The India Office Records contain a wealth of information about the pre-independence Indian Army and the forces of the East India Company, but one small file from the parallel collection of private papers includes details of a British Army unit which took part in one of the most notorious disasters in this country’s military history.
Men of the 4th Queen's Own Light Dragoons who received the Crimean Medal from Queen Victoria, 28 May 1855 - Healy Stratton, Sergeant D. Gillam, William Simpson and E.T. Moon. Imperial War Museum © IWM (Q 71582)
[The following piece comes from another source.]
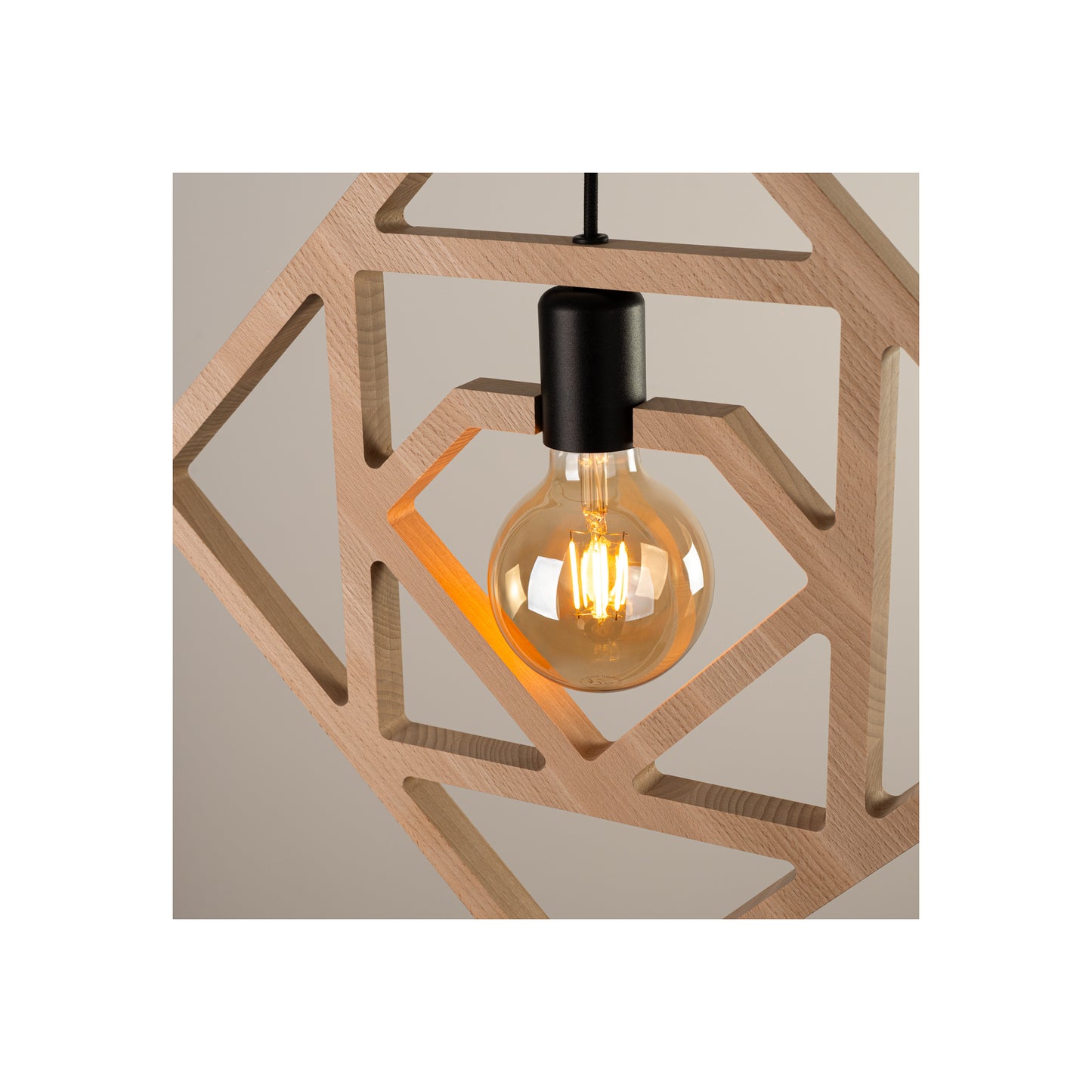 Caro Pendant in Natural Wood and Black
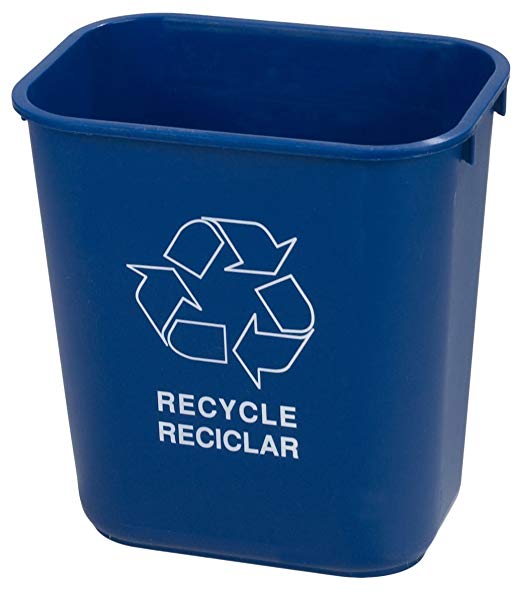 Carlisle 342928REC14 Plastic Recycle Deskside Wastebasket, 28 Quart, Blue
Alongside a small number of ephemeral items is the Nominal Roll of the 4th Queen’s Own Light Dragoons, printed at the Regimental Press in Rawalpindi. Its nine pages list more than 300 officers, N.C.O.s and men ‘who embarked at Plymouth, for service in the EAST, on the 17th day of July 1854’. They sailed in the Simla under the command of Lt Col Lord George Paget, and included a paymaster, a surgeon, an assistant surgeon and a veterinary surgeon, four trumpeters and four farriers. Three columns give their regimental number, rank & name, and ‘Remarks’. When I noticed entries such as ‘Killed in Action, 25th October, 1854’, ‘Died at Scutari, 10th February, 1855’, and ‘Prisoner of War, 25th Oct., 1854, and died in Russia’, I realised that the 'East' in question is not India but the Crimea.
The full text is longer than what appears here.